2017 marked a dubious milestone for women’s equality in Nebraska as women accounted for at least 52 percent of the 37,391 injuries reported by employers to the Nebraska Workers Compensation Court through the First Report of Injury form according to the annual report published by the court.
This figure should be taken with a few grains of salt. 2017 could just be an outlier. The percentage of First Reports of Injury filed on behalf of women in proportion to total injuries has steadily increased since 2007, but 2017 represented an unprecedented increase in the number of women employees who had First Reports filed on their behalf. The decrease in the number of men who had employers file First Reports on their behalf was nearly as unprecedented.
Court officials also state the numbers could be skewed by the fact that gender is not a mandatory reporting item and that reported injury numbers for a particular year tend to vary from year to year because of late reporting and other factors.
There are other reasons that first report of injuries aren’t a completely reliable measure of the number of actual injuries. A report doesn’t mean that an employee was injured. Not all employers report injuries to the court either. Even if an employee was injured and an employer files a report with the court, that doesn’t mean the injury caused any substantial harm to the employee. In 2017, only 1053 petitions or lawsuits were filed in the Nebraska Workers’ Compensation Court. Roughly another 700 claims were formally settled without litigation.
Women accounted for 3 of 41 workplace deaths reported to the court in 2017, so men still comprise a large majority of the most serious workers compensation claims.
But the numbers quantify a truth about workers’ compensation and the workforce in general. Women’s participation in the workforce is increasing while men’s participation is decreasing.
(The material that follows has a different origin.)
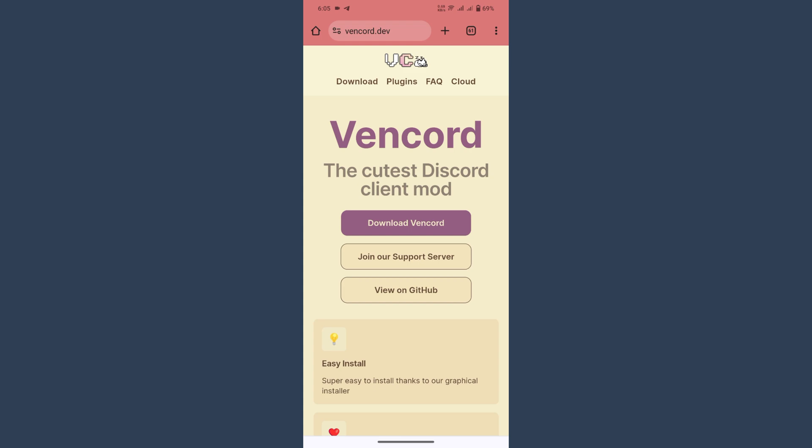By using this, so these are the ways to enjoy the Discord beta features. Hope this video will be helpful for you. If you have any question or any confusion, just drop a comment. I will try to help you. Thank you.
Workers’ compensation is still often thought of as “workman’s compensation.” Images of workers’ compensation often include men in hardhats. Men in blue collar jobs like construction and truck driving do get hurt on the job. But women also work in traditionally male jobs like construction and truck driving. Injuries are also common in more gender-neutral sectors like retail, food service and manufacturing as well as in traditionally female jobs like nursing.
Future reports by the Nebraska Workers’ Compensation Court may show the injury numbers from 2017 to inaccurate or an outlier, but women will continue to suffer a substantial number of workplace injuries.